US President Donald Trump's administration on Wednesday ordered federal agencies to undertake more large-scale layoffs of workers, while the president allowed downsizing czar Elon Musk to take a starring role at his first Cabinet meeting and discuss his ambitious budget-cutting targets.
A new memo instructed agencies to submit plans by March 13 for a "significant reduction" in staffing. The federal workforce is already reeling from waves of layoffs and program cuts by Musk's so-called Department of Government Efficiency, or DOGE. The memo did not specify the number of new layoffs.
The memo represents a major escalation in Trump and Musk's campaign to slash the size of the US government.
▲ Elon Musk, head of the Department of Government Efficiency, speaks during a Cabinet meeting chaired by US President Donald Trump at the White House on Wednesday.
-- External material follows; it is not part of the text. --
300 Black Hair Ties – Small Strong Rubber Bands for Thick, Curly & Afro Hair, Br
Andrew Harnik/GETTY IMAGES
Thus far, the layoffs have focused on probationary workers, who have less tenure in their current roles and enjoy fewer job protections. The next round would target the vastly bigger pool of veteran civil servants.
At the Cabinet meeting, Trump said Lee Zeldin, the Environmental Protection Agency administrator, plans to cut up to 65 percent of his more than 15,000 employees.
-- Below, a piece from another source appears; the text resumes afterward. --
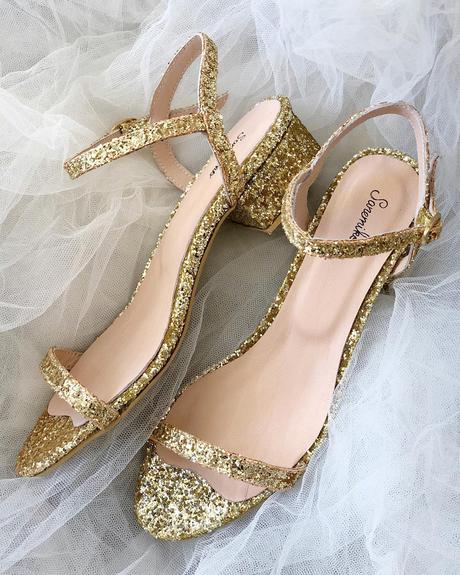 Gold Shoes For Wedding: 18 Dazzling Ideas + Faqs gold shoes for wedding flats sandals sparkle sanemiko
Musk is not a Cabinet-level official, and faced no approval from the Senate.
As Cabinet secretaries looked on, Musk, the Tesla and SpaceX CEO, wearing a black "Make America Great Again" baseball cap and a T-shirt reading "tech support", expressed confidence he can cut the $6.7 trillion budget by $1 trillion this year. That extremely ambitious target would likely entail significant disruption of government programs.
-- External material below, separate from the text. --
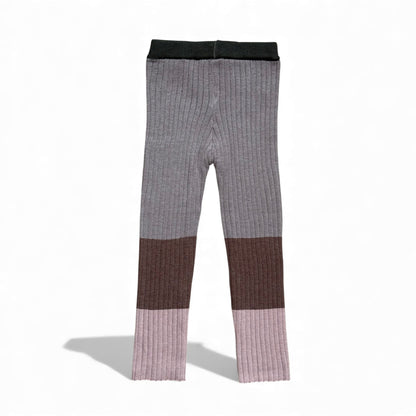 Ribbed colour-block children’s leggings organic cotton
Trump made it clear he backed Musk's effort, giving him the floor at the start of the meeting and later asking the gathered officials, "Is anyone unhappy with Elon?" There were scattered laughs.
So far, Trump and Musk have failed to slow the rate of spending. According to a Reuters analysis, the government spent 13 percent more during Trump's first month in office than during the same time last year, largely due to higher interest payments on debt and rising health and retirement costs incurred by an aging population.
Trump reiterated his promise to refrain from cutting popular health and retirement benefits, which account for nearly half of the budget.
"We're not going to touch it," said Trump.
Trump is simultaneously pushing Congress to extend his 2017 tax cuts, set to expire at year's end. The nonpartisan Committee for a Responsible Federal Budget estimates the 2017 cuts added $2.5 trillion to the nation's debt, now $36 trillion, and that extending the tax cuts could cost more than $5 trillion over a decade.